Listening to Bleached live feels like jumping into the ocean at the beginning of April. It’s icy and startling, tasting brackish and filling your mouth with just a touch of bitterness. But after wading around in a few of their songs and taking a deep breath or two, these punk rock waters begin to feel fine.
That was the scene for Bleached as they stopped by Walter’s Downtown in Houston, rolling through on their tour for their much-buzzed sophomore album Welcome to the Worms, a sonic creation born from the wreckage of an unraveling life.
Which perhaps explains why Bleached’s set started out unwieldy and unwound. The opening song “Trying to Lose Myself Again” emerged with discordant frisson, and the single “Keep On Keepin’ On” failed to rise above its simplistic chord progressions and lyrical shouts into something cohesive and powerful. Lead singer Jennifer Clavin struggled to find her voice in these songs, and the many notes she missed didn’t pass as a punk rock conceit.
Things gelled, however, with their performance of the power-stomping hit “Wednesday Night Melody.” The song proved to be a better conduit for the band’s rough edges, pulling the strong, screaming guitar riffs of Jessica Clavin into the foreground. The firm, declarative “ba-ba-bas” that have come to define the band’s ’60s surf-rock sound bonded with the full-throated bass lines from Micayla Grace, allowing the show to finally get its sea legs.
Sturdy and afloat, Jennifer lost her guitar and joined some spirited fans in the audience for an uninhibited rendition of “Sleepwalker,” rocking her mess of faded bubblegum-pink hair while belting “The sun don’t always shine / when you are not alive / but now my eyes are open wide.” Grace made ample use of the Walter’s intimate stage as well, sharing a mic with Jessica on “Electric Chair” and hitting the sticky, beer-soaked floor on “Searching Through the Past.”

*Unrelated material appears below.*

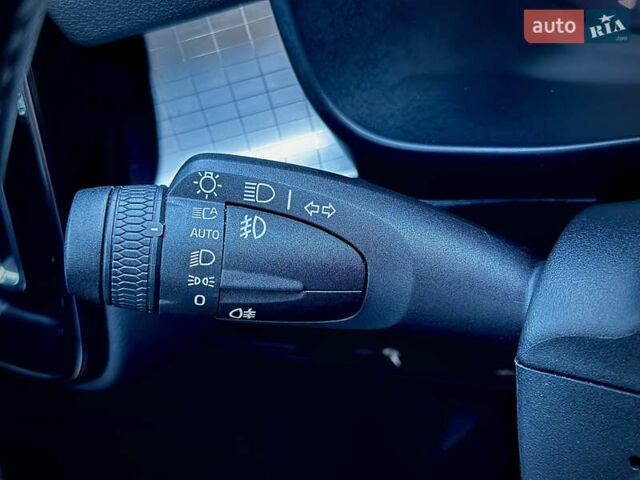 Черный Вольво XC40, объемом двигателя 1.97 л и пробегом 143 тыс. км за 19000 $, фото 30 на Automoto.ua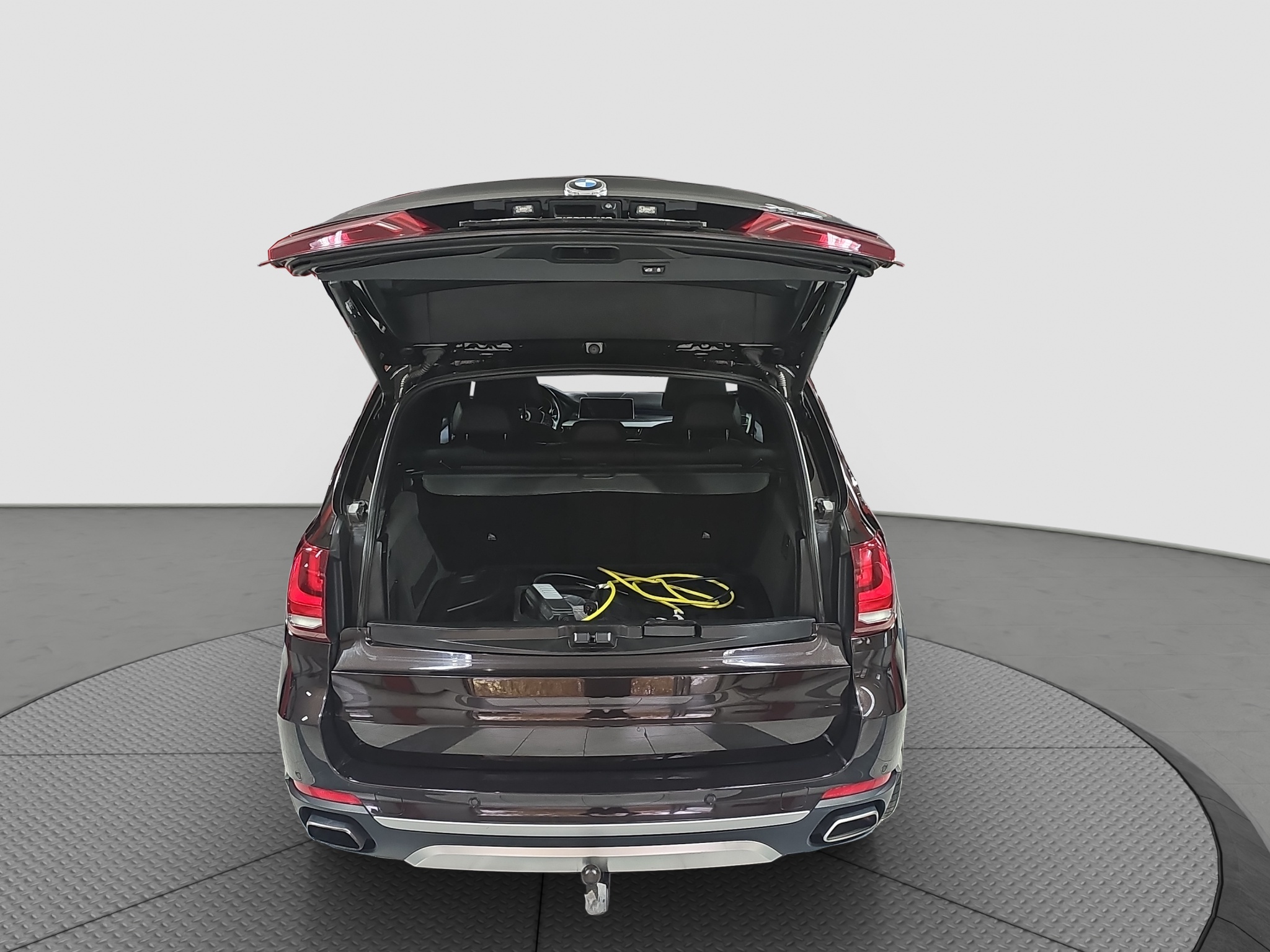 
								BMW X5 xDrive/ŠIB/iPerform. full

From there, the songs began to blend together into a satisfying melange of buoyant riffs in 4/4 time. The band oscillated back and forth in their catalog, from the easy up-tempo love song “Think of You” back up to the crunchy, bass-driven “Chemical Air.” But save a clean, sharp ending to “Sour Candy” (their rocking drug anthem with quiet, beachy interludes), the songs did not distinguish themselves from one another, nor did they compose themselves into some sort of narrative whole.

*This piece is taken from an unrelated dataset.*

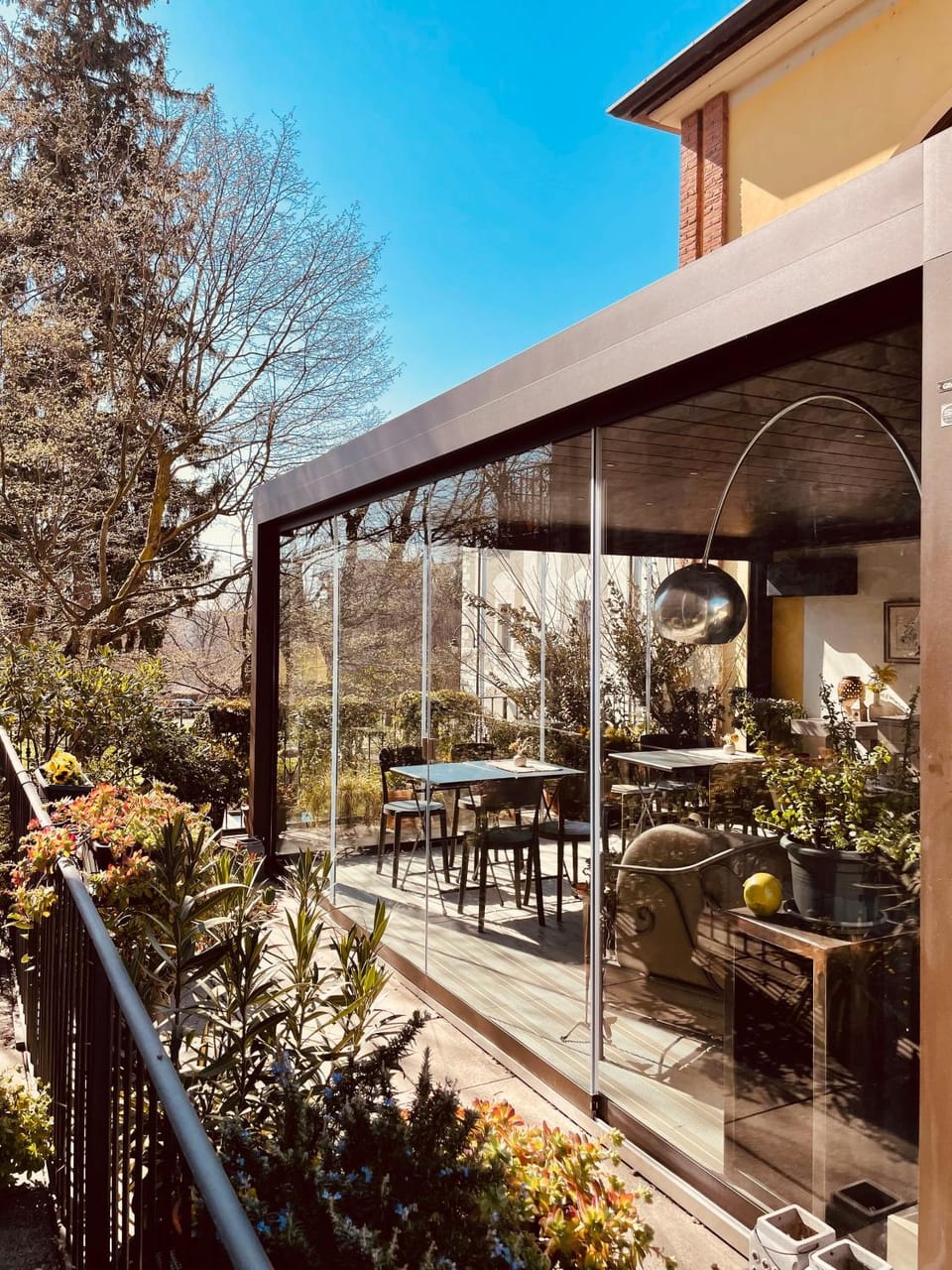 Property building, Patio, View (from property/room), Balcony/Terrace, Dining area, Garden view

The band’s cover of The Ramones’ “Today Your Love, Tomorrow the World” was stripped down and tight, and clocking in under two minutes, it revealed Bleached’s growing pains. As the Onion’s A.V. Club writes, “Bleached’s style of rock and roll is best suited to short, vicious tracks that get in, chug a beer, high-five the host, then get out.” While The Ramones are a perfect vehicle for this party-crasher style, Bleached’s newer tracks have swelled to accommodate the band’s changing direction.
Though the new music is laudable for plumbing into emotional depths, it has drifted too far away from the style that raised so many critical eyebrows. When done right, these rough, raw, yet impassioned songs can produce timeless bands like the Breeders. For Bleached, the music is still a little lost at sea.